### Problem
The reply must repeat the listing below exactly and carry none of its pictures.

### Material supplied
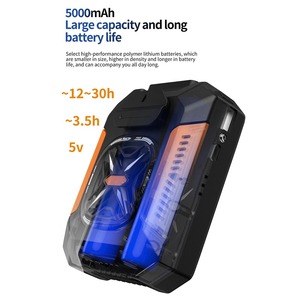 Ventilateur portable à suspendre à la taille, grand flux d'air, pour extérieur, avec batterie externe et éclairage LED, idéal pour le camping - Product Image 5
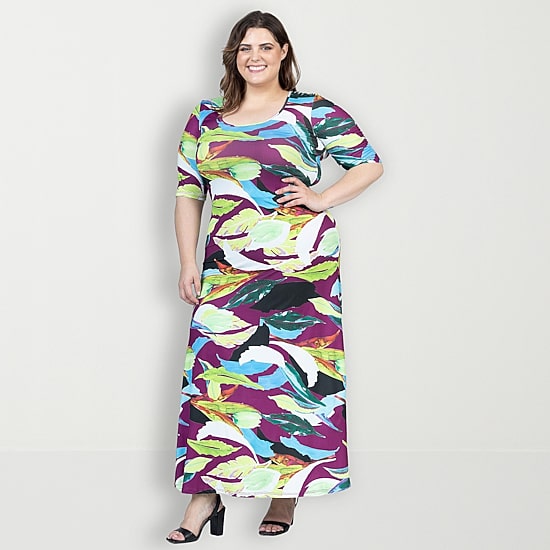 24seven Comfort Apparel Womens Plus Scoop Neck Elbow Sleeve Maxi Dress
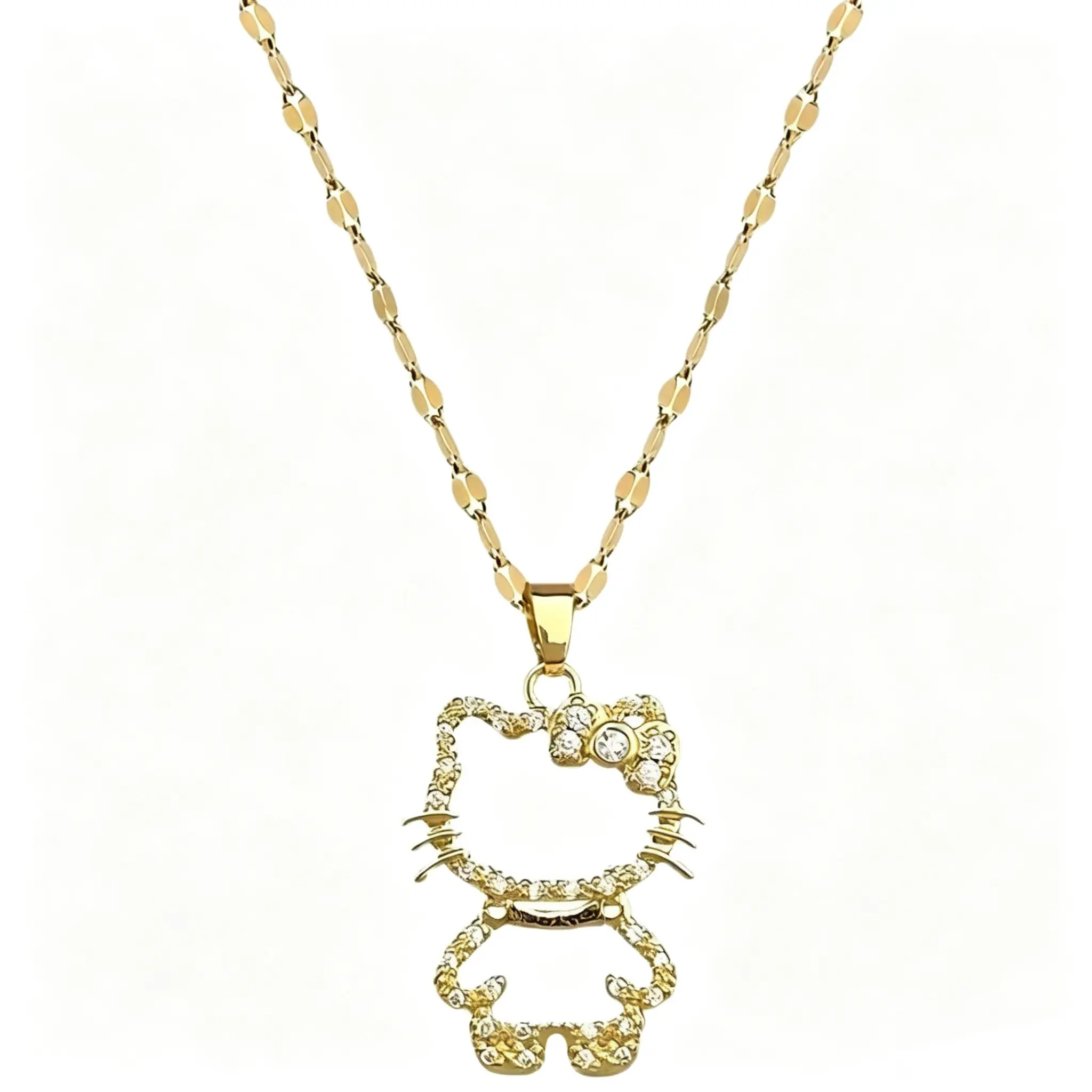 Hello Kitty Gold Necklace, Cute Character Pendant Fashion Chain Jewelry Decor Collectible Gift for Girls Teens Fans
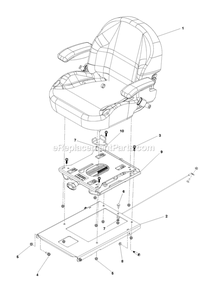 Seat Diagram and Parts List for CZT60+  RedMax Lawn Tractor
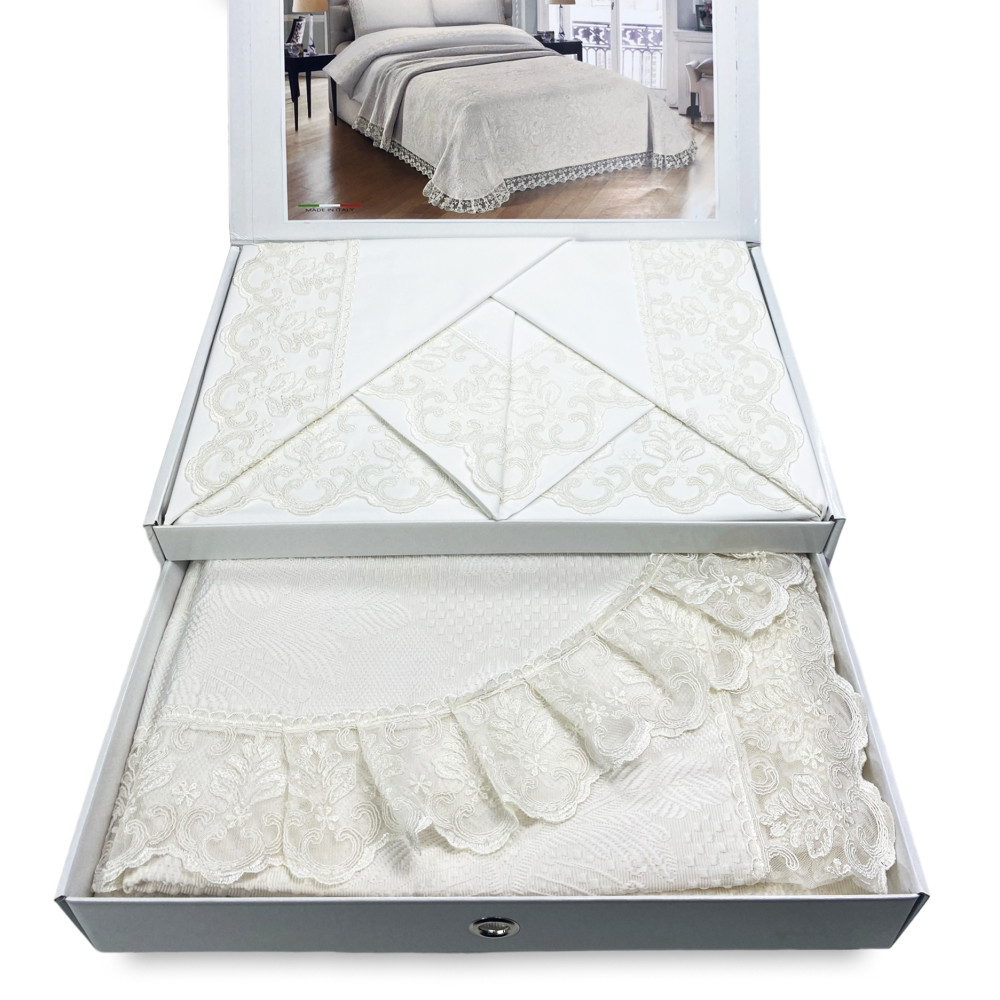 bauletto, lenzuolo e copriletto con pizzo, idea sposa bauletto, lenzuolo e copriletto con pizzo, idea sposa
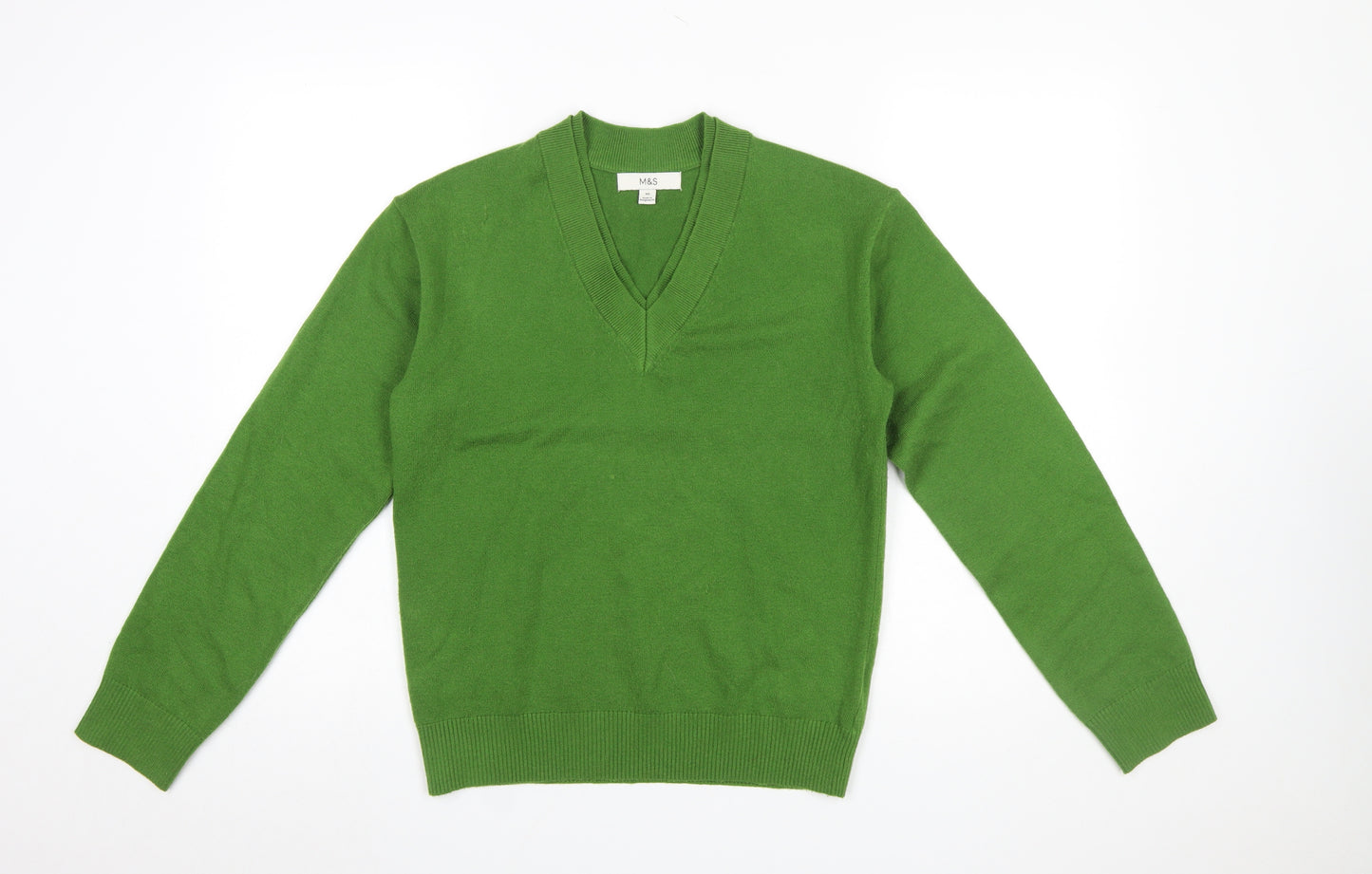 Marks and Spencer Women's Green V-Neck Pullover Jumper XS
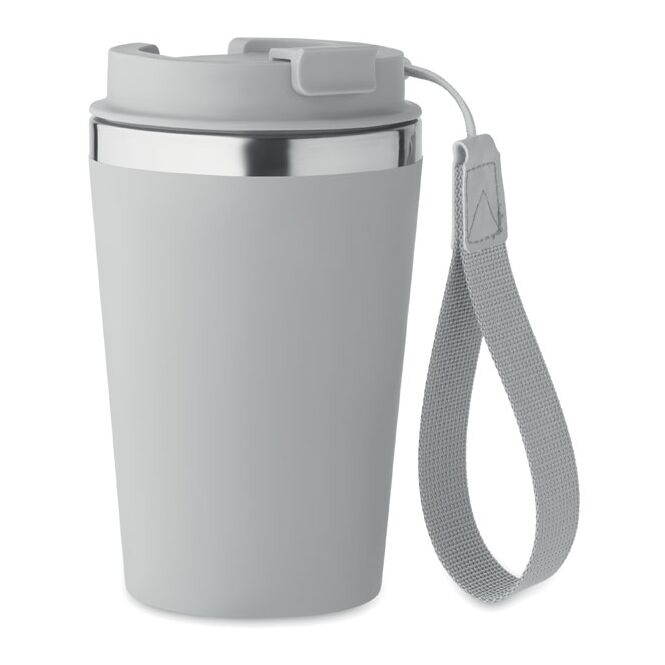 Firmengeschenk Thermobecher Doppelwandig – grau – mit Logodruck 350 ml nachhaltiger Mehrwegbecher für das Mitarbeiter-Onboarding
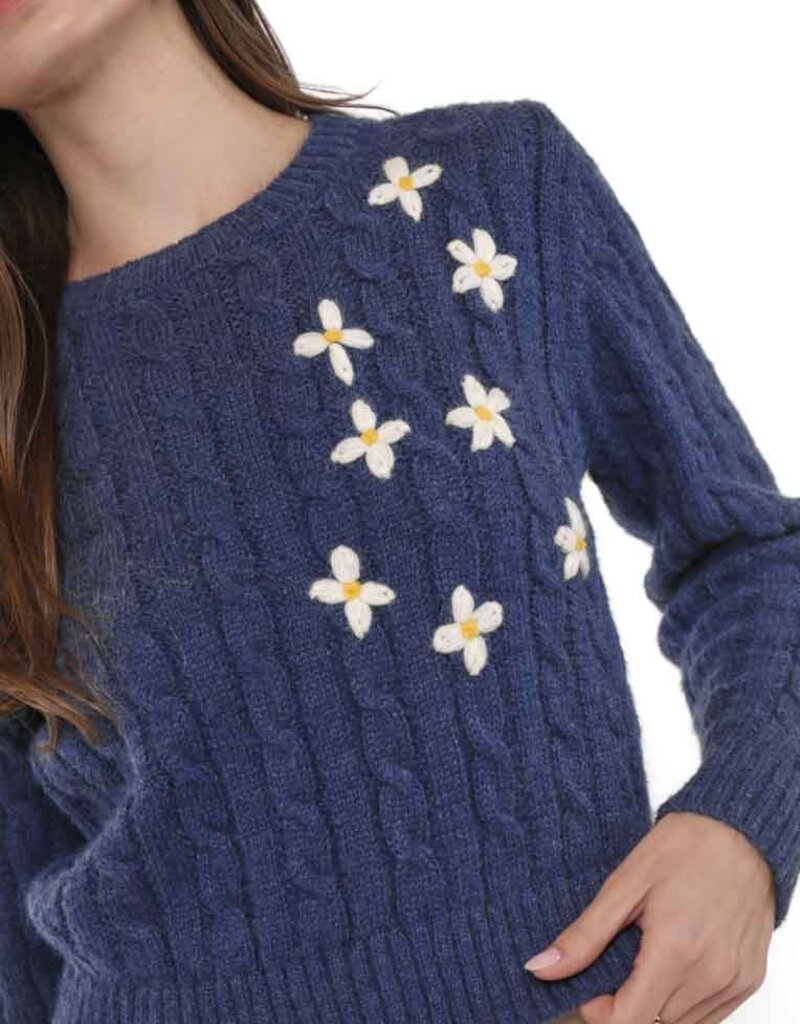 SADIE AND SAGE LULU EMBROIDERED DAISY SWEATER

### Reply to the task
 Ventilateur portable à suspendre à la taille, grand flux d'air, pour extérieur, avec batterie externe et éclairage LED, idéal pour le camping - Product Image 5
 24seven Comfort Apparel Womens Plus Scoop Neck Elbow Sleeve Maxi Dress
 Hello Kitty Gold Necklace, Cute Character Pendant Fashion Chain Jewelry Decor Collectible Gift for Girls Teens Fans
 Seat Diagram and Parts List for CZT60+  RedMax Lawn Tractor
 bauletto, lenzuolo e copriletto con pizzo, idea sposa bauletto, lenzuolo e copriletto con pizzo, idea sposa
 Marks and Spencer Women's Green V-Neck Pullover Jumper XS
 Firmengeschenk Thermobecher Doppelwandig – grau – mit Logodruck 350 ml nachhaltiger Mehrwegbecher für das Mitarbeiter-Onboarding
 SADIE AND SAGE LULU EMBROIDERED DAISY SWEATER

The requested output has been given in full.